00:00 Let's review what we've learned so far.
00:03 Adding the RSS data, you really want
00:05 to use feedparser to get the RSS data.
00:08 We pip install that as well as Plotly
00:10 to do the data visualization.
00:14 Then we imported the modules
00:16 and I used feedparser to parse the RSS feed.
00:19 Which you can see one line of code
00:21 and it wraps this in a nice data structure.
00:23 Which you can even access with a dot notation.
00:27 Then we prepare to data.
00:30 We wrote two helpers.
00:32 One to convert the date string into datetime object.
00:36 I made a little detour explaining a bit
00:38 why you would want to use datetime
00:40 when you want to calculate the dates.
00:43 But in this example, it was merely to extract year and month
00:45 to have a consistent value for our graphs.
00:49 Then we extracted the categories from the blog links
00:52 making them another helper.
00:54 Using a regular expression to extract the category.
00:56 If it's in the dictionary,
00:58 we return it, otherwise return to default set to article.
01:02 Next we converted the data so far to usable structures.
01:06 All the graphs have counting in common
01:08 and that's where counter is your best friend.
01:12 You can see we generated a big list
01:15 of all the publication dates
01:16 and we can just put them into counter
01:18 which makes this nice, frequency counter.
01:22 We prepare all three graphs.
01:24 This was the first one.
01:27 The second one were the categories
01:29 and the third one were the tags.
01:31 You can already see that this starts to
01:34 paint a picture of what our PyBites blog is about.
01:37 The final trick we needed was transposing the data,
01:41 making X and Y axis.
01:43 I used a nice trick from Raymond Hettinger to
01:47 use*data in combination with zip to make
01:51 a date-like object or a list of tuples.
01:53 Transposing the data to X and Y axis'
01:56 which made it way more easy to plot.
02:02 Then I extenuate Plotly object,
02:05 giving it the offline mode
02:06 and calling the innate notebook mode method
02:10 to make it work inside my Jupiter notebook.
02:13 Then the three plots.
02:14 Post for months frequency with all the prep
02:17 data done, a small amount of code with a nice graph.

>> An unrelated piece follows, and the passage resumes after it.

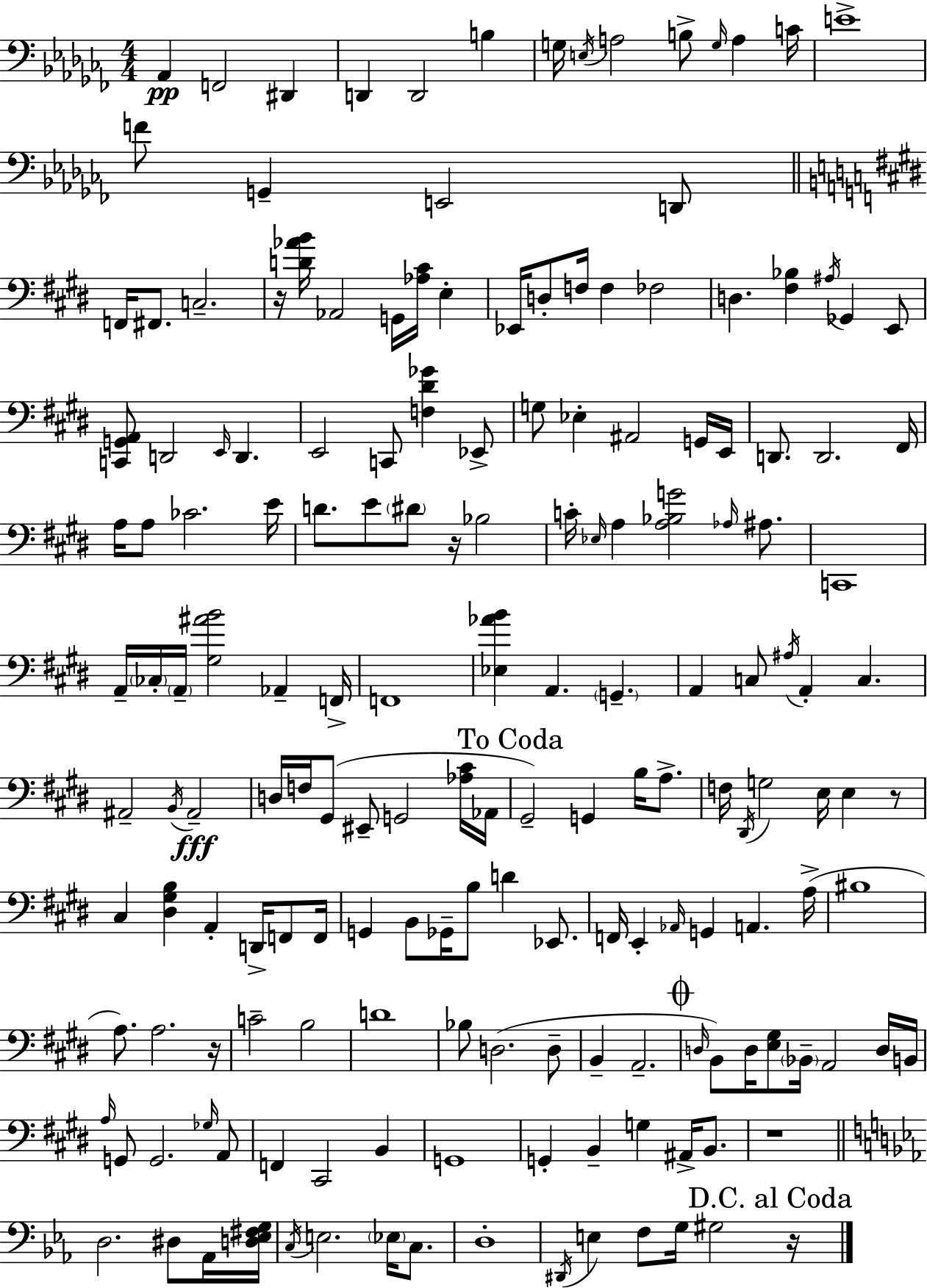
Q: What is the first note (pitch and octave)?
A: Ab2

02:20 Here you see the activity per month
02:22 and number of entries in the blog.
02:24 Secondly, the common blog categories.

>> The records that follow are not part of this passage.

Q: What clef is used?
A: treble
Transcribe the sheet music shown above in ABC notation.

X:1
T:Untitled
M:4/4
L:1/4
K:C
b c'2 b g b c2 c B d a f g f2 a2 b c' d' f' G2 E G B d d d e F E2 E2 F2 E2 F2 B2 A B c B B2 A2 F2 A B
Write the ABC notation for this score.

02:27 We went and made a pie chart, which makes a nice visualization
02:30 what kind of categories our blog posts are.
02:33 You can see that challenging articles
02:34 trumped the other categories.
02:36 For common blog tags, it's kind of similar as categories
02:40 but it's a bit more granular.
02:42 There you can also see that we blogged quite a bit about
02:45 Flask and Django, github code automations,
02:49 but this is a way nicer way to
02:50 demonstrate it in any presentation.
02:53 Check out other libraries, Bokeh,
02:57 this is from Panda's in combination with Matplotlib,
03:00 a very powerful combination.
03:03 This is a print screen from the Seaborn library.
03:09 As mentioned before, Matplotlib is
03:11 also a very robust library
03:13 and there might be many others
03:15 but mostly I use Panda's and some Bokeh.
03:17 I decided to use Plotly for this lesson
03:20 as it's simple to use and has nice graphs.
03:23 Now it's your turn, keep calm and code in Python.